Closed mikehardy closed 6 years ago
Ok, I will do it. Is "[sound]" the only tag that should be added? I looked through the discussions about this issue and it seems like my addon also needs to unescape HTML in the URL before processing it. I did a test and it looks like urls it gets from cards are HTML escaped. Thanks for pointing this out.
That's cool, great! I think just images and sound as media. The urls may also be unescaped as ankidroid does not post process edits in the fields
There is a bug in Anki that stops me from implementing this. Anki doesn't play an audio file if it has "&" (and may be other special symbols) in its filename. Reproduction Steps:
Expected result: Anki plays sound Actual result: Anki doesn't play sound
Media Internalizer relies on Anki method MediaManager.writeData for saving media internally. writeData returns a filename under which the file was stored. For the URL http://dict.youdao.com/dictvoice?audio=smoothly&type=1 it creates a file "dictvoiceaudio=smoothly&type=1". The addon replaces "[sound:http://dict.youdao.com/dictvoice?audio=smoothly&type=1]" by "[sound:dictvoiceaudio=smoothly&type=1]" that cannot be played because of this bug.

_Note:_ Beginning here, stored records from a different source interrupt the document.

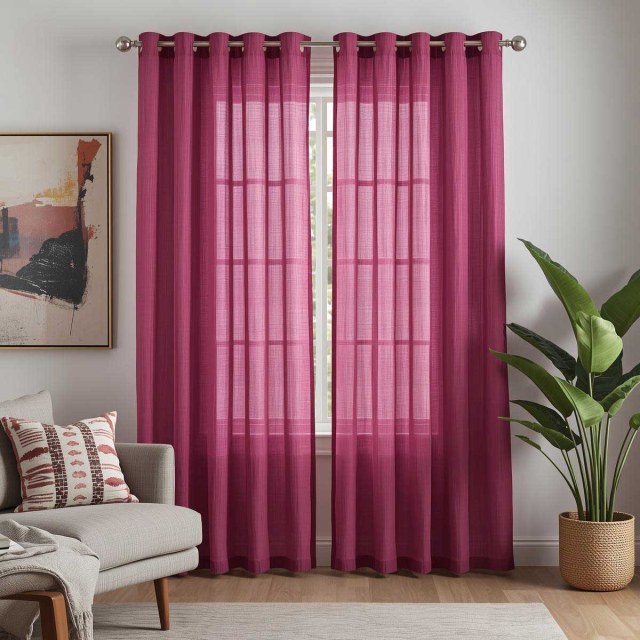 Notting Hill Rose Rose Voile Rideau 1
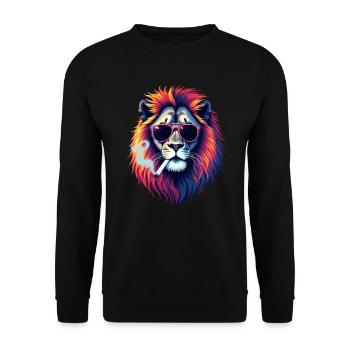Lion avec des lunettes de soleil motif animal Lion fumant - Sweat-shirt Unisexe - noir - Devant - Alina (178cm) & Michal (187cm)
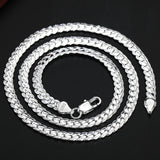 2 Piece 6MM Full Sideways 925 Sterling Silver Necklace Bracelet Fashion Jewelry For Women Men Link Chain Sets Wedding Gift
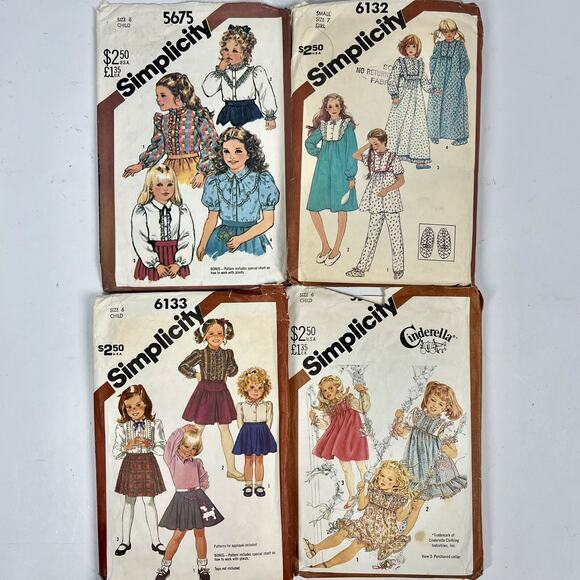 Lot Of 4 VTG Simplicity Patterns Child Girl Ruffle Blouse Skirt Pajamas Size 6-7 - Picture 1 of 5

Man, that's irritating - I see what you mean now - my own personal edit of the regex had internalized the file but now I see that I didn't test enough, it's got the same problem you describe (doesn't play) and it's because of this same HTML-encoding issue (it's a '\&' in the raw HTML if you look)
The only thing I can think of is to have media-internalizer call a URL-encode function prior to asking Anki to writeData - it looks to me like URL-encoded URLs (at least this one) survive a secondary HTML-encoding without change, so this may work?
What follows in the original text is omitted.